The organisation added that seven of the climate-related proposals passed, drawing most shareholder votes, and 15 others “could have achieved a majority if just a handful of the largest asset managers had voted for them.” Only four asset managers – namely BNP Paribas Asset Management, Axa Investment Managers, Sun Life Financial and NN Investment Partners – have voted in favour of all climate-related proposals tracked, followed by Aviva Investors and Aegon Investment Management (98% each). According to Ceres’ research, Dodge & Cox was the sole manage to not vote in favour of any of the 2020 climate-related shareholder proposals. BlackRock (10% of the proposals voted), Manulife (8%), Capital Group (11%) and Vanguard (14%) are also ranking at the bottom.

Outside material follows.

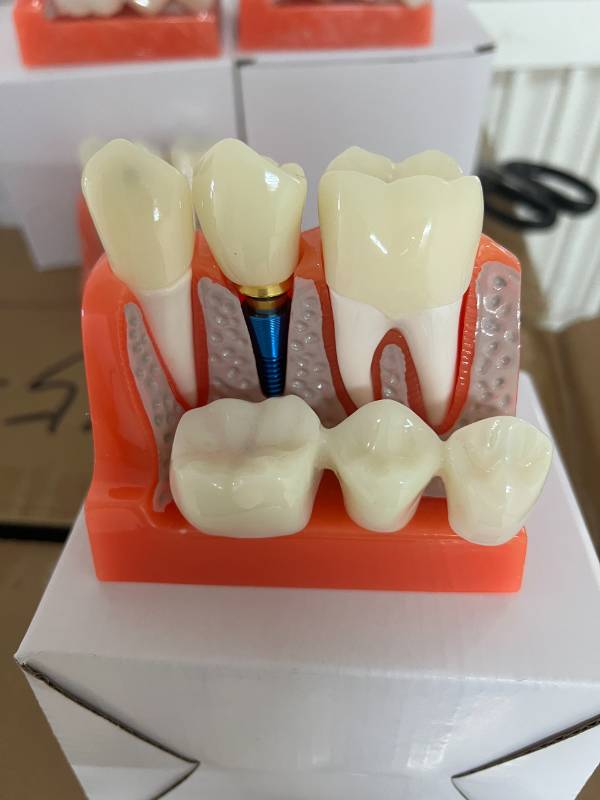Mẫu hàm tư vấn Implant
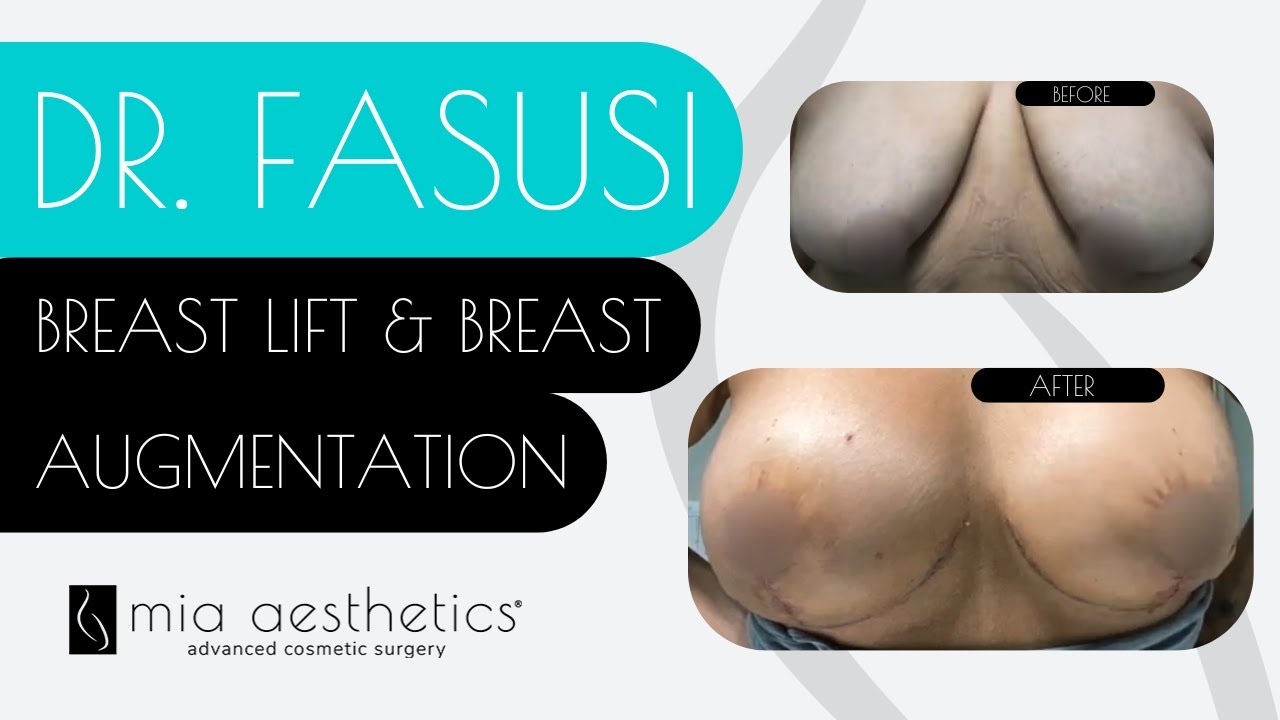 Choosing the Right Breast Implant to Achieve Your Best Results - Fiala  Aesthetics Plastic Surgery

Five recommendations for 2021

Rob Berridge, director, shareholder engagement at Ceres therefore listed five recommendations at the attention of shareholders for the 2021 annual general meeting season, the first of which is updating proxy voting policies annually. This “to ensure voting holds corporate boards and management accountable for addressing material and emerging climate change risks, via votes in support of shareholder proposals as well as other annual votes on directors and auditors, where relevant.” He recommends supporting proposals related to clean energy, deforestation, environmental justice, financed emissions, lobbying, methane emissions, sustainability reporting and water scarcity and pollution.  

Recommendations number two and three are “setting clear, time-bound milestones for engagement” and “asset owners holding asset managers accountable to vote in line with the asset owner’s support for the Climate Action 100+ initiative and the TCFD recommendations.” Berridge said. Embedding climate risk management into new and current fund management mandates should be considered by asset owners.

Furthermore, Ceres’ director for shareholder engagement fosters shareholders to disclose voting “on or before the date of each company’s annual meeting”, as a power boost to the vote. The rationale for any votes against resolutions should be also disclosed in Berridge’s view. “This can help to reduce reputational harm associated with your misalignment with these initiatives,” he said.

The last recommendation deals with engaging proxy advisors “by participating in the annual comment periods on their voting guidelines and by providing information to them supporting individual shareholder proposals your organisation has filed or supports.”